Efficient Linear Attention for Multivariate Time Series Modeling via Entropy Equality
Mingtao Zhang, Guoli Yang, Zhanxing Zhu, Mengzhu Wang, Xiaoying Bai
TL;DR
Attention scalability is a critical bottleneck for multivariate time-series modeling. The authors introduce Entropy-Aware Linear Attention (EALA) and its practical instantiation ELinFormer, grounded in the entropy-equality principle and the concavity of entropy $H$ on the probability simplex. They derive a linear-time entropy approximation for dot-product attention and provide an analytic solution for a tunable parameter $\theta_q^*$, enabling linear-complexity attention that can replace traditional softmax-based attention in existing architectures. Empirical results on real-world spatio-temporal datasets show competitive forecasting accuracy with substantial reductions in memory and computation, suggesting that balanced weight distributions—not nonlinear softmax alone—drive attention effectiveness in these settings. The work offers a scalable, graph-agnostic attention substitute with potential applicability to long-range time-series and NLP tasks.
Abstract
Attention mechanisms have been extensively employed in various applications, including time series modeling, owing to their capacity to capture intricate dependencies; however, their utility is often constrained by quadratic computational complexity, which impedes scalability for long sequences. In this work, we propose a novel linear attention mechanism designed to overcome these limitations.

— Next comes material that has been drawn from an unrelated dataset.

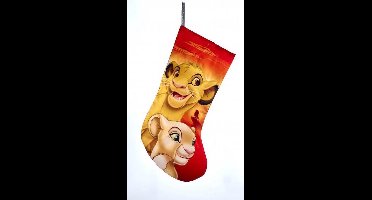 Kerstsok - 19" lion king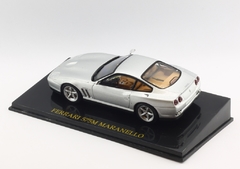 Miniatura Ferrari 575 M Maranello Prata - 1/43 Altaya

Our approach is grounded in a theoretical demonstration that entropy, as a strictly concave function on the probability simplex, implies that distributions with aligned probability rankings and similar entropy values exhibit structural resemblance. Building on this insight, we develop an efficient approximation algorithm that computes the entropy of dot-product-derived distributions with only linear complexity, enabling the implementation of a linear attention mechanism based on entropy equality. Through rigorous analysis, we reveal that the effectiveness of attention in spatio-temporal time series modeling may not primarily stem from the non-linearity of softmax but rather from the attainment of a moderate and well-balanced weight distribution. Extensive experiments on four spatio-temporal datasets validate our method, demonstrating competitive or superior forecasting performance while achieving substantial reductions in both memory usage and computational time.